RECORD SET:
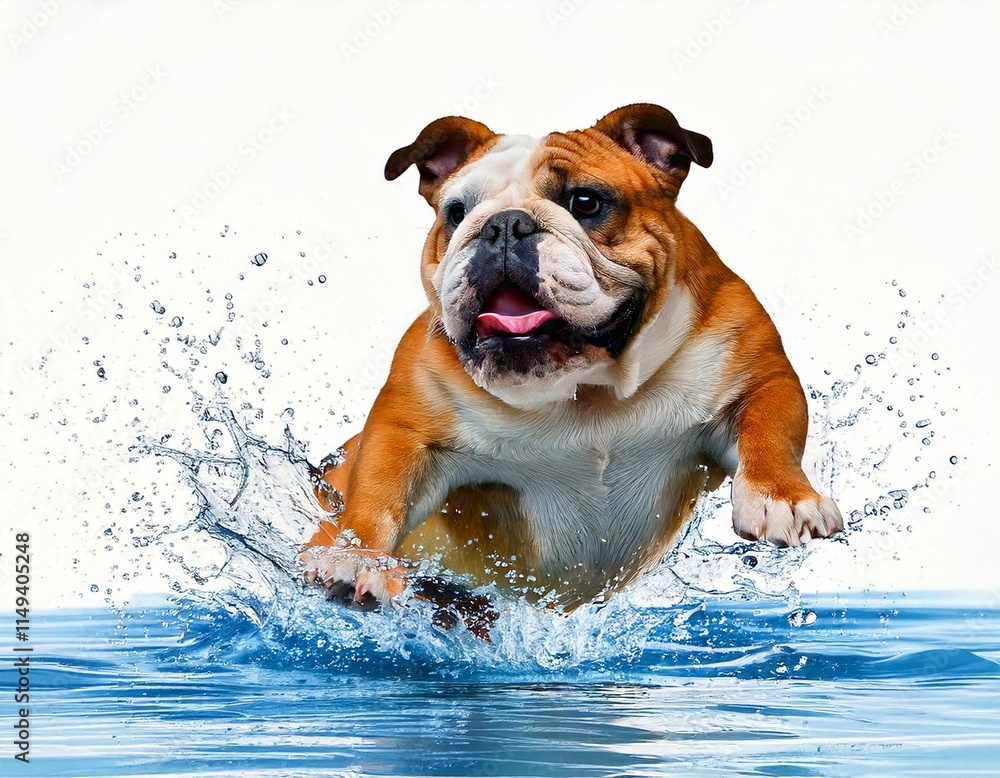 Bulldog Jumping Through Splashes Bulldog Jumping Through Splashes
...
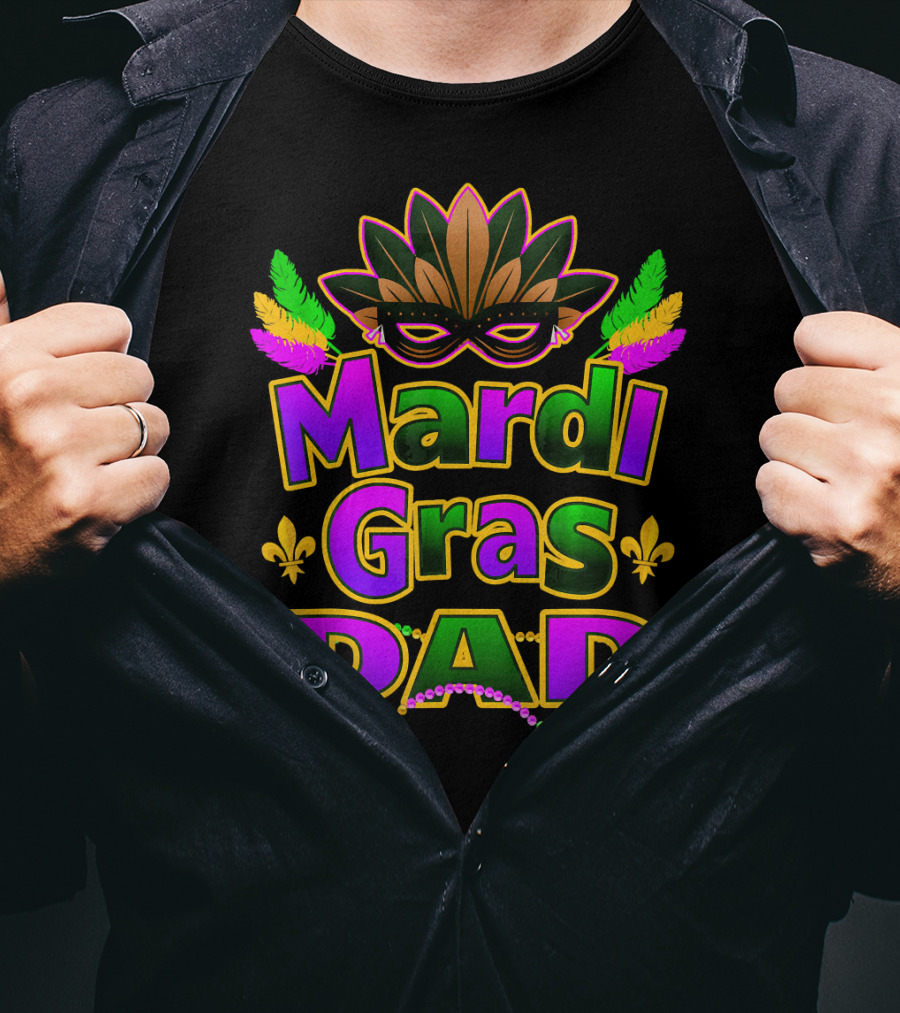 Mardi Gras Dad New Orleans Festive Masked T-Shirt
--
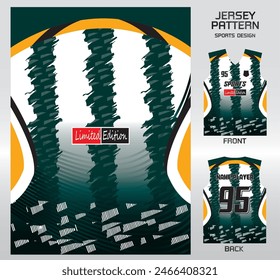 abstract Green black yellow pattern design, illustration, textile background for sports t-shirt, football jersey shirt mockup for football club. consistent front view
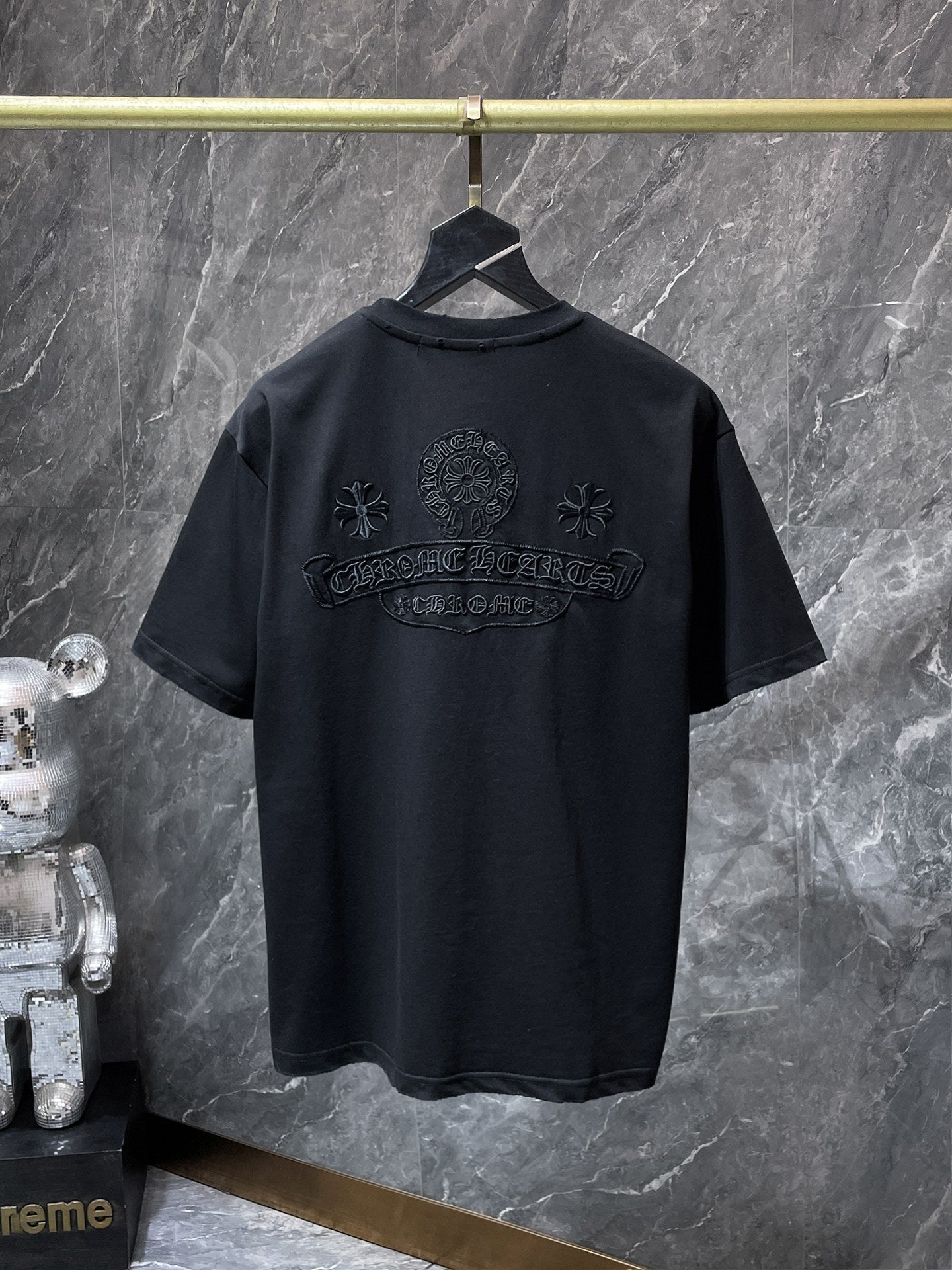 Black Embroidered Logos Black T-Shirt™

PROBLEM DETAILS: The answer must be the lines above from the one containing "abstract Green black" through the one containing "Black Embroidered Logos Black T-Shirt™", reproduced exactly, with no pictures and nothing else.

TASK RESPONSE:
 abstract Green black yellow pattern design, illustration, textile background for sports t-shirt, football jersey shirt mockup for football club. consistent front view
 Black Embroidered Logos Black T-Shirt™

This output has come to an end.